A look at powder position and its affect on pressure within cartridges
All powders exhibit some form of positional sensitivity within a cartridge. SAAMI recognizes this by publishing strict guidelines governing the testing of ammunition. These guidelines are intended to control powder position within a cartridge by orienting it to generate the highest pressures for a given load.
SAAMI guidelines for testing require that the loaded cartridge be twirled slowly end over end to loosen the powder within the case. It is then carefully oriented with the primer end down to settle the powder rearward within the case. The technician then inserts it into the test barrel, being careful not to move the powder forward and away from the primer. This powder-rear orientation produces the highest pressure and velocity for that load combination and provides the baseline for published data.
Cartridges filled to near the top of the seated bullet have very little room for powder migration within the case, making them relatively immune to powder orientation caused pressure changes. This is one of the reasons that fuller cases have lower standard deviations.
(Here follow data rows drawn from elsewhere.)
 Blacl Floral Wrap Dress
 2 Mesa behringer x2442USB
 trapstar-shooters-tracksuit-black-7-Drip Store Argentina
If that same cartridge is loaded with a faster powder, perhaps one that only fills 70 percent of the available case volume, powder may become oriented away from the primer which will reduce pressure and velocity. The ability for powder to migrate throughout a case is a major cause of higher standard deviations between shots.
Positional sensitivity is increased by unused case volume. Older cartridges designed to work with black powder and at low maximum pressures are the ones most commonly affected by this problem. The .45 Colt and .38 Special are two that fall into this category and both can have real powder position issues with lighter loadings.
Our lab was contacted by a shooter who was looking for loads in his .38 Special that would operate in the 450-500 fps range from a Ruger Vaquero using very small (he referred to them as economical) charges of very fast powder and light bullets. His goal was to create an inexpensive competition load he could use in the local cowboy action shoot. He suggested using a load far below our starting loads and wondered if it was safe. The answer was no. It was unsafe. Here is why:
A pistol carried muzzle down in a holster orients powder forward against the bullet, a situation that creates the least pressure for a bullet/powder combination. As the pistol is raised to eye level its powder charge remains forward. If the round is already under-pressured by design, it has now been subjected to an orientation that further reduces pressure. Muzzle velocity may drop to zero, as the bullet fails to emerge from the barrel.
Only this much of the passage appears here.